Уже с утра слух об этом событии разошелся по Парижу и поверг город в какое-то оцепенение. Конвент собрался, но хранил молчание, отчасти из страха. Комитет еще не подошел: члены комитета всегда заставляли себя ждать и успели уже усвоить высокомерную дерзость, которую дает власть. Лежандр, которого сочли недостаточно важным человеком, чтобы арестовать вместе с друзьями, поспешил заговорить первым: «Граждане, сегодня ночью арестованы четыре члена этого собрания, один из них Дантон; кто другие – я не знаю, но кто бы они ни были, я требую, чтобы мы их выслушали здесь, в Конвенте. Граждане, заявляю, что считаю Дантона таким же незапятнанным, как я сам, а я не думаю, чтобы кто-нибудь мог меня упрекнуть хоть в чем-нибудь. Я не стану нападать ни на одного члена комитетов, но я вправе опасаться, что частная ненависть и личные страсти отнимут у свободы людей, оказавших ей величайшие и полезнейшие услуги. Тот человек, который в 1792 году спас Францию своей энергией, заслуживает, чтобы его выслушали, и должен иметь возможность объясниться, когда его обвиняют в измене отечеству».

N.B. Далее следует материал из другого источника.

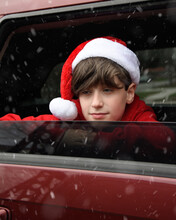 Christmas Boy Looking Outside Car Window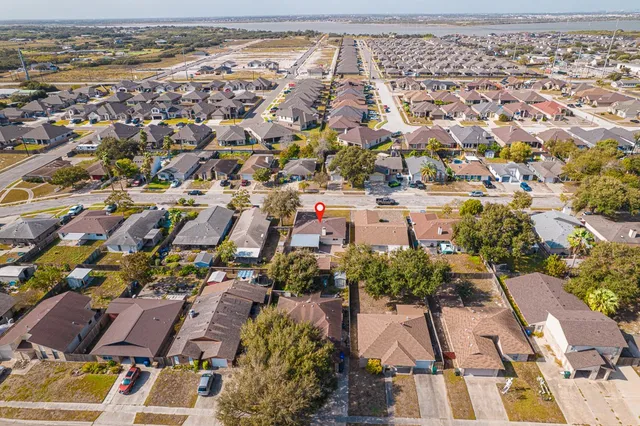 an aerial view of residential houses with outdoor space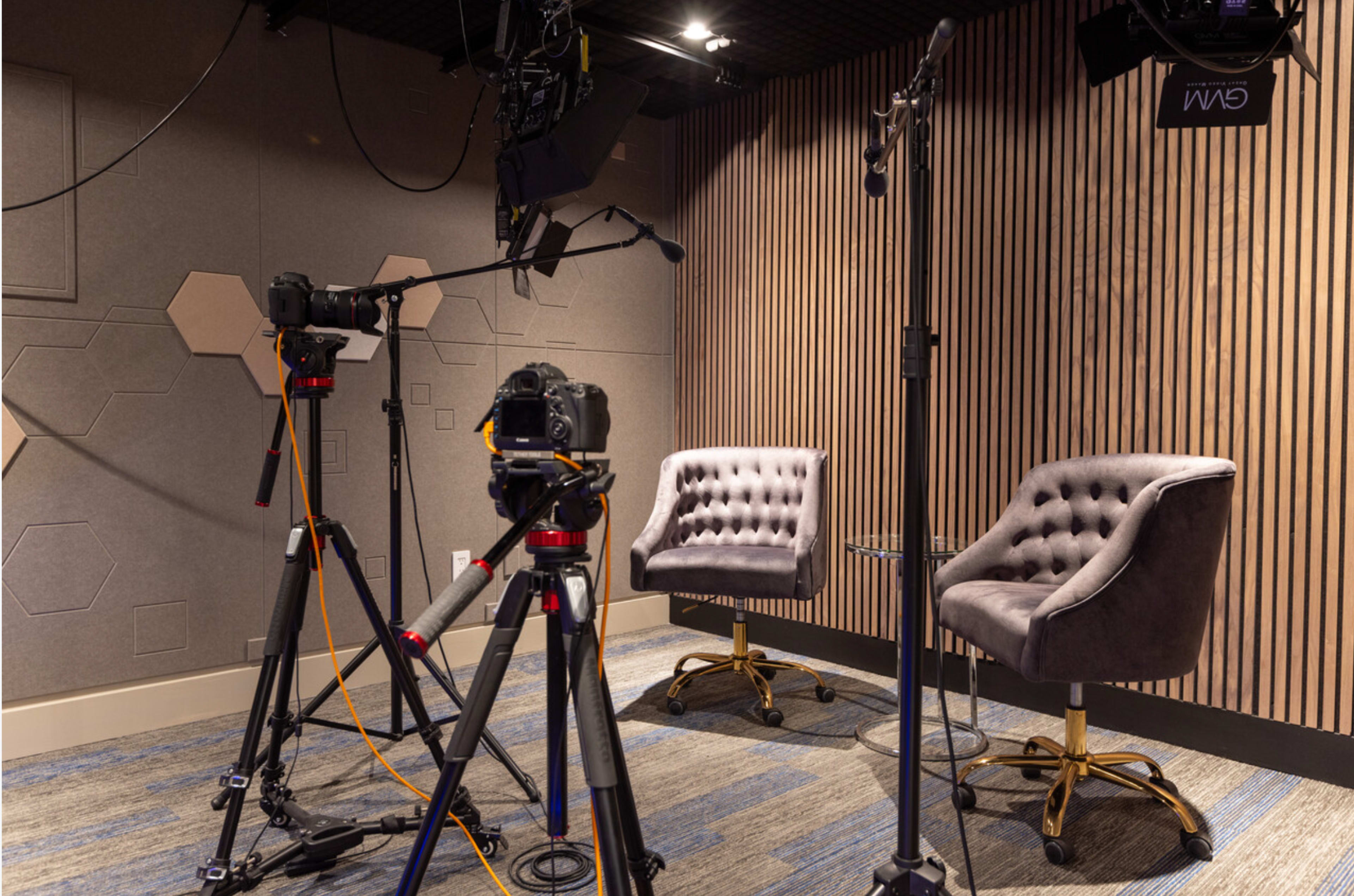 A set designed for video recording, featuring two upholstered chairs and two cameras positioned on tripods.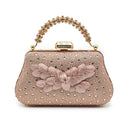 Rose gold handbag with floral design and beaded handle on a white background, Obroi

Предоставить Дантону возможность говорить в Конвенте было лучшим средством спасти его и разоблачить его противников. Многие члены хотели позволить ему говорить, но в эту минуту, раньше других членов комитета, вдруг входит Робеспьер и гневным, угрожающим тоном произносит следующие слова: «По давно не бывалому смятению, царствующему в собрании, по волнению, которое вызвал депутат, сейчас говоривший, видно, что речь идет о крупных интересах, о вопросе, будет ли сегодня нескольким людям дан перевес перед отечеством. Но как могли вы настолько забыть ваши принципы, чтобы хотеть сегодня доставить нескольким людям преимущество, в котором вы же недавно отказали Шабо, Делоне, Фабру д’Эглантину? Откуда такое различие в пользу определенных людей? Какое мне дело до похвал, которые человек воздает себе и своим друзьям?.. Слишком большой опыт научил нас не доверять этим похвалам. Всё дело не в том уже, совершил ли человек такое-то патриотическое действие, а в том, какова была вся его карьера.
Лежандр, по-видимому, не знает имен всех арестованных лиц, однако они известны всему Конвенту. Его друг Лакруа находится в числе арестованных, и почему Лежандр притворяется, будто этого не знает? Потому что он хорошо знает, что нельзя защищать Лакруа без наглости. Он назвал Дантона, потому что думает, что с этим именем связана какая-то привилегия… Нет, мы не хотим привилегий, мы не хотим кумиров!..»
При этих последних словах раздаются рукоплескания, и трусы, которые в это мгновение сами трепещут перед кумиром, рукоплещут низвержению другого кумира, потому что он более не страшен.